# Source material
######

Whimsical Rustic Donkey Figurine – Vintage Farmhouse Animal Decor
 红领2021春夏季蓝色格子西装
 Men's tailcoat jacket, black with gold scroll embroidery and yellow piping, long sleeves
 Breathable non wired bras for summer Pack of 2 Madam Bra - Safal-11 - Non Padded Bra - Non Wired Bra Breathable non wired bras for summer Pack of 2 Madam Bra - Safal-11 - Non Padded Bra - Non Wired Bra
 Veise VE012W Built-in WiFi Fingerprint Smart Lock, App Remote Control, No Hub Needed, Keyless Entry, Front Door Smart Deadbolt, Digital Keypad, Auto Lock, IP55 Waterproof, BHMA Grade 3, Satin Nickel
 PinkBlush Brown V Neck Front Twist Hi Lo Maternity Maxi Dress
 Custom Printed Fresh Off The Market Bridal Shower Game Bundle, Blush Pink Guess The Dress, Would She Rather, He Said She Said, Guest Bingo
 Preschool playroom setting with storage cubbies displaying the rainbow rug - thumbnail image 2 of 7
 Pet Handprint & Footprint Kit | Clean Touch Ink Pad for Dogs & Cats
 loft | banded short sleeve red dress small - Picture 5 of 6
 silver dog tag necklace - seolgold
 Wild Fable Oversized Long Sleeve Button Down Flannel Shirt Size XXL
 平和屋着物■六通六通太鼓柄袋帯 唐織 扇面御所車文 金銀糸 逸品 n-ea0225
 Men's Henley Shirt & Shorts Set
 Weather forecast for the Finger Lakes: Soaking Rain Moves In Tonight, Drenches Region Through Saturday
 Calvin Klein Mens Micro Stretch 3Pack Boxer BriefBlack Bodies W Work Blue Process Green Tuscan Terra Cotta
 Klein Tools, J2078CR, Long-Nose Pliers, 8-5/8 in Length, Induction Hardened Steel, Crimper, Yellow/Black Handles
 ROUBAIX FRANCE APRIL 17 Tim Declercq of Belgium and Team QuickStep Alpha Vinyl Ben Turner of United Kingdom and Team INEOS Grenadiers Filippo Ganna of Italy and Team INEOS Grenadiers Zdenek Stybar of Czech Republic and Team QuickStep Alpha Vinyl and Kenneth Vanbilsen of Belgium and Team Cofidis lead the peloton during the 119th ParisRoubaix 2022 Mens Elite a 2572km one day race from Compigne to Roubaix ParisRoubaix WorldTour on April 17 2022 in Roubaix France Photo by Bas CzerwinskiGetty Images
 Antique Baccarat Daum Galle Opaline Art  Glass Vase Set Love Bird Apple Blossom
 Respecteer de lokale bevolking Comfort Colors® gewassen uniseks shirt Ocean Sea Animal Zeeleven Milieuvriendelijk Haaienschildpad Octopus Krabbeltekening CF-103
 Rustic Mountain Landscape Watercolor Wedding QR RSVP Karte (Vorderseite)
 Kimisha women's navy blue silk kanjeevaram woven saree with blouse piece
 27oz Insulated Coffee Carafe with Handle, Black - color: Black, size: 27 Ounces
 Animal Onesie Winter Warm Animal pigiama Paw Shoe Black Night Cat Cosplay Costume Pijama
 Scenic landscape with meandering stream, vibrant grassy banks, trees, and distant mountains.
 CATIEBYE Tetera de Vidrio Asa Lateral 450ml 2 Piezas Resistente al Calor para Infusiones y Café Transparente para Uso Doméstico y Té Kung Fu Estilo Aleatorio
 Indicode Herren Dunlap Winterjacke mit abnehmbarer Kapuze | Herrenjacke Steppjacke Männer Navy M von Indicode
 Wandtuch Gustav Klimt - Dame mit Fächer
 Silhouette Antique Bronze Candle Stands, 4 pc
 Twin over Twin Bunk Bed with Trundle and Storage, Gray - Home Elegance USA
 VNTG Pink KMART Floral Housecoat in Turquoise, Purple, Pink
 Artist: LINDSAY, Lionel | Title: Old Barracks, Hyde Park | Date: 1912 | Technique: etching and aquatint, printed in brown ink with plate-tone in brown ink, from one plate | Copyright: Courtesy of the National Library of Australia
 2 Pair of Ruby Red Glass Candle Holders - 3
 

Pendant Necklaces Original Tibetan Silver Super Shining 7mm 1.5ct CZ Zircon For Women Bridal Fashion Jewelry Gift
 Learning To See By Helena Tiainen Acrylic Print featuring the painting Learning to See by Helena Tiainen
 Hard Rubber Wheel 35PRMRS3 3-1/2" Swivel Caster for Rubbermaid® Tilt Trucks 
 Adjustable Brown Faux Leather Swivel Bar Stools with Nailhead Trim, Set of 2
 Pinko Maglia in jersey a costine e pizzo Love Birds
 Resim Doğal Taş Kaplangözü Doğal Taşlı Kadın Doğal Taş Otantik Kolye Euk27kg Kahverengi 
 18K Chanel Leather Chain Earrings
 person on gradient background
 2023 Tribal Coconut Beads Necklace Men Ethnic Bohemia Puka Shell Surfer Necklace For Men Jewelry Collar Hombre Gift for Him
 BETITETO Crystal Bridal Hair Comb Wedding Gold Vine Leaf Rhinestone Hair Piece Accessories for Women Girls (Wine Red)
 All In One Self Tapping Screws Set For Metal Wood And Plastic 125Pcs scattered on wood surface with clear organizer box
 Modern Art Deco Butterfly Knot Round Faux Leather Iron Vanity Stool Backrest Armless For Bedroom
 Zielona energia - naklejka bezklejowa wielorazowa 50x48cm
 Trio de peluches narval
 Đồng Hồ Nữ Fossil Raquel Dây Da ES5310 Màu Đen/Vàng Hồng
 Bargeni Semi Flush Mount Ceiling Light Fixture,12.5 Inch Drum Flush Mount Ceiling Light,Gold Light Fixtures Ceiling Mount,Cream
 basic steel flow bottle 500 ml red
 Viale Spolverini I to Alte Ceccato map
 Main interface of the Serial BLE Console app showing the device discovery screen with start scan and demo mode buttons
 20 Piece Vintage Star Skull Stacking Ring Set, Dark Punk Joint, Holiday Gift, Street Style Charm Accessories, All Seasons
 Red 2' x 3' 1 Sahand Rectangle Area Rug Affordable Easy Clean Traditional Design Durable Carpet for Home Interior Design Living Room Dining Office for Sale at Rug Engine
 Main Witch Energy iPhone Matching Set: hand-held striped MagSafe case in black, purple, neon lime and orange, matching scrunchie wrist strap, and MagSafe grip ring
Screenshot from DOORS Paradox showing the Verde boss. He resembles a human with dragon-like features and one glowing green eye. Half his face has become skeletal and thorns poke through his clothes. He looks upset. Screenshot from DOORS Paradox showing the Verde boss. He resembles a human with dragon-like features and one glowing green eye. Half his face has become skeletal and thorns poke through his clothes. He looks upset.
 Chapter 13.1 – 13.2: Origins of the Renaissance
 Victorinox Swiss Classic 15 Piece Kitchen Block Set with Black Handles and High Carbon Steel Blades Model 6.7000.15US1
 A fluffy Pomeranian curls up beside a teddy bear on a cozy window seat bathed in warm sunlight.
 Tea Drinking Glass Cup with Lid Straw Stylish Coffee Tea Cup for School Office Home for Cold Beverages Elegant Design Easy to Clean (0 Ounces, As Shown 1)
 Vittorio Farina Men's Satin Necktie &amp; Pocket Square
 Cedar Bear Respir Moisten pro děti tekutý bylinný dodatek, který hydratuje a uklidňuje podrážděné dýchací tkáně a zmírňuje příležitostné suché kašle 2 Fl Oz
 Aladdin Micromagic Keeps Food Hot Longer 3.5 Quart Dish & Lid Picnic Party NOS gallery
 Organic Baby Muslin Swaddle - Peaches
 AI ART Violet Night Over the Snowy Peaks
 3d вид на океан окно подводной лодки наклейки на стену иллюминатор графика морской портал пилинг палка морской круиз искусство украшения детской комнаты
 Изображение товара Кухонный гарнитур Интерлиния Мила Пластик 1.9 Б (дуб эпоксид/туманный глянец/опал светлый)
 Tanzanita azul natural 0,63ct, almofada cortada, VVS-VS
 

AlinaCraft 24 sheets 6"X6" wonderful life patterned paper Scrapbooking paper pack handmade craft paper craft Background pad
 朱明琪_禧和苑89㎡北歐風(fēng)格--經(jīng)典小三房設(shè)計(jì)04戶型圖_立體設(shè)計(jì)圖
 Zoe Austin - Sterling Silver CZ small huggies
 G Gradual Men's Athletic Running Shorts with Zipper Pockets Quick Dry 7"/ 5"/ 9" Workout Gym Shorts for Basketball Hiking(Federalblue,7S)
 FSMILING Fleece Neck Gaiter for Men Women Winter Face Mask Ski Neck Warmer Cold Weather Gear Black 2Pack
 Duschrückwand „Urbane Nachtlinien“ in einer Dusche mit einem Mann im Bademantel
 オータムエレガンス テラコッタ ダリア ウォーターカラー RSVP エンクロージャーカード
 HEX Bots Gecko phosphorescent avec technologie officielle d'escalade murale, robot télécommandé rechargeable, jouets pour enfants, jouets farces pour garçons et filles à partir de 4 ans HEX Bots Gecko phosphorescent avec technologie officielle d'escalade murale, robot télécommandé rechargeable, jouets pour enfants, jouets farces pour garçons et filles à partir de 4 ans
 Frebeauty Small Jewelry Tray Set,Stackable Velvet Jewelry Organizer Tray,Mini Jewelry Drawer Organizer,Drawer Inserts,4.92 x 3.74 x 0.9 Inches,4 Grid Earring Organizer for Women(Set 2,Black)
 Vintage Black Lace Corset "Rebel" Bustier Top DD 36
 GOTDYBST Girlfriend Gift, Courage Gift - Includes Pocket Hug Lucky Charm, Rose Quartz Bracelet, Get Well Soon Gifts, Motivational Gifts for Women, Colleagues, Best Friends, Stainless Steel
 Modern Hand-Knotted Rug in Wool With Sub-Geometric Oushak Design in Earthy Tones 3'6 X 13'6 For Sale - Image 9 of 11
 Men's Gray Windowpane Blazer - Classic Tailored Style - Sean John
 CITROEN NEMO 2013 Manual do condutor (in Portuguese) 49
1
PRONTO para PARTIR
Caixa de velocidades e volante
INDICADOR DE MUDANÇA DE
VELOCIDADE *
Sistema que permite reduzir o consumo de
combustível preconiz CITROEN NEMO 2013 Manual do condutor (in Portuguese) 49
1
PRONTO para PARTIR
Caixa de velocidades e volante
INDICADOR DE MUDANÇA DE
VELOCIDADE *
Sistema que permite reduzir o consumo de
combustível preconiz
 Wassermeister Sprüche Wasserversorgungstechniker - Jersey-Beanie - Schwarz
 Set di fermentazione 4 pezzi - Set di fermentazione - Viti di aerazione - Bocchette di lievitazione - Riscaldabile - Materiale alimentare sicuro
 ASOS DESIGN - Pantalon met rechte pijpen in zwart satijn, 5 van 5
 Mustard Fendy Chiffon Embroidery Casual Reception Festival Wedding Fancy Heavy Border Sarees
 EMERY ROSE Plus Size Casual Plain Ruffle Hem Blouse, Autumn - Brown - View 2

######

# Problem
Each line in the listing where the word "Manual" is found is to be copied.

# Expected output
 CITROEN NEMO 2013 Manual do condutor (in Portuguese) 49
combustível preconiz CITROEN NEMO 2013 Manual do condutor (in Portuguese) 49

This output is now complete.